10 things you need to know before the opening bell
Janet Yellen is set to make her most important speech of the year. Federal Reserve Chair Janet Yellen will give her long-awaited speech in which she is expected to lay out the path for Fed policy going forward. Yellen's remarks will begin at 10 a.m. ET.
Odds of a Fed rate hike are on the way up. Data from Bloomberg shows traders are pricing in a 32% chance the Fed will raise interest rates at its September meeting and a 57.4% probability that a rate hike will happen before the end of the year.
Japan remains trapped in deflation. Core CPI fell 0.5% in July, making for the lowest reading since March 2013. The Japanese yen is little changed near 100.45 per dollar.
UK GDP was better than originally thought. The UK economy expanded at a 0.6% clip in the second quarter, according to a revised estimate of the original reading of up 0.4%. The British pound is little changed near 1.3200.
Saudi Arabia threw cold water on the prospects of a freeze to oil output. Khalid Al-Falih, the Saudi energy minister, told Reuters on late Thursday that the kingdom didn't "believe any significant intervention in the market is necessary other than to allow the forces of supply and demand to do the work for us." West Texas Intermediate crude oil is down 0.3% at $47.16 a barrel.
America is driving more than ever. Data released by the Department of Energy shows that vehicles in the US drove a record 1.58 trillion miles in the first half of 2016, up 3.3% from the same period last year.
Amazon is opening another bookstore. The online retailer says it will open a brick-and-mortar bookstore in Chicago's Lakeview neighborhood in 2017.

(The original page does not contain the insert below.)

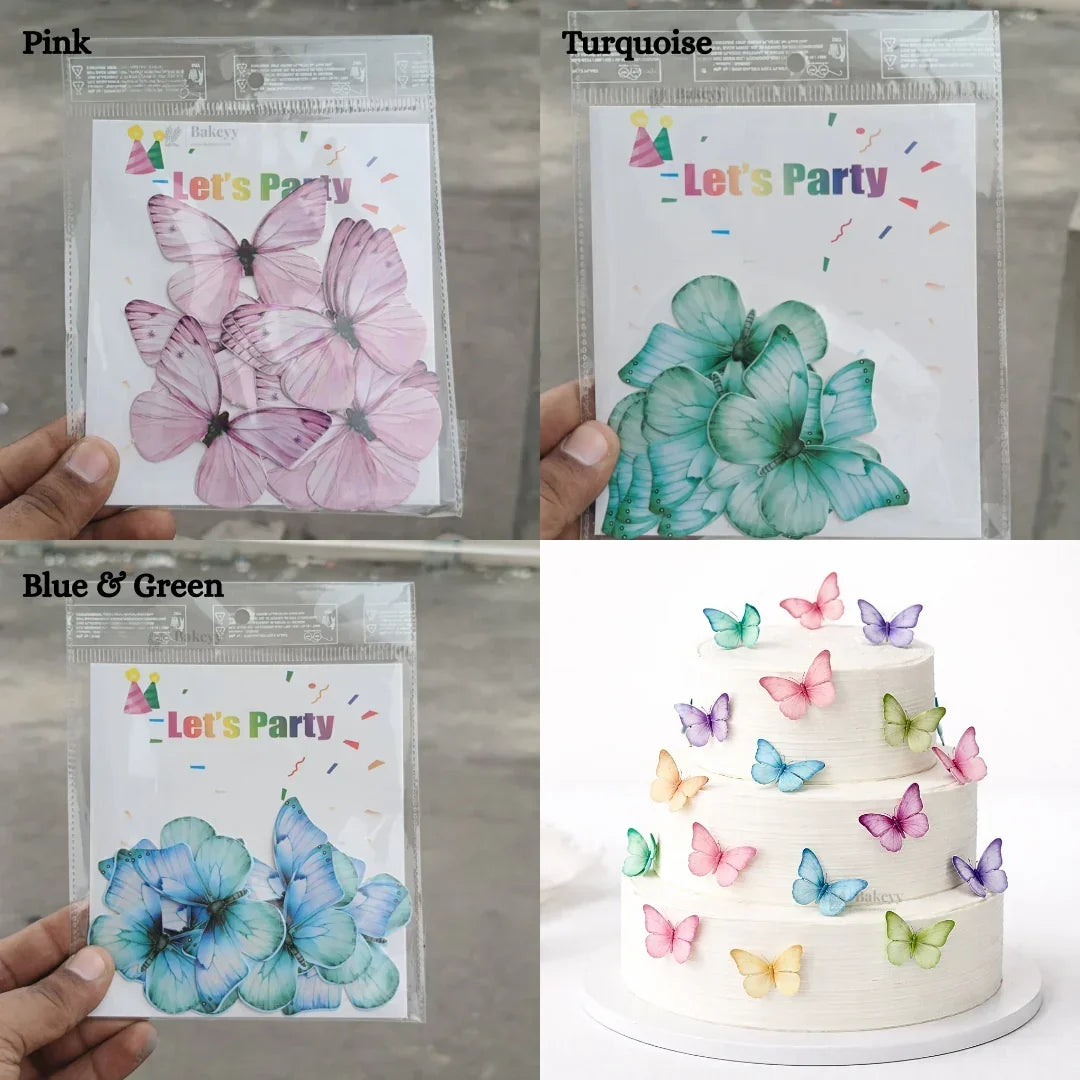 butterfly_topper_51 - Bakeyy.com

Stock markets around the world are lower. Germany's DAX (-0.2%) leads the way down in Europe after Japan's Nikkei (-1.2%) took a dive in Asia. Hong Kong's Hang Seng (+0.4%) outperformed. S&P 500 futures are up 1.00 points at 2,174.50.
Earnings reporting is light. Big Lots reports ahead of the opening bell.
US economic data flows. The advanced goods trade balance and second-quarter GDP will be released at 8:30 a.m. ET before University of Michigan consumer confidence crosses the wires at 10 a.m. ET. Then, at 1 p.m. ET, the Baker Hughes rig count will be announced. The US 10-year yield is down 1 basis point at 1.56%.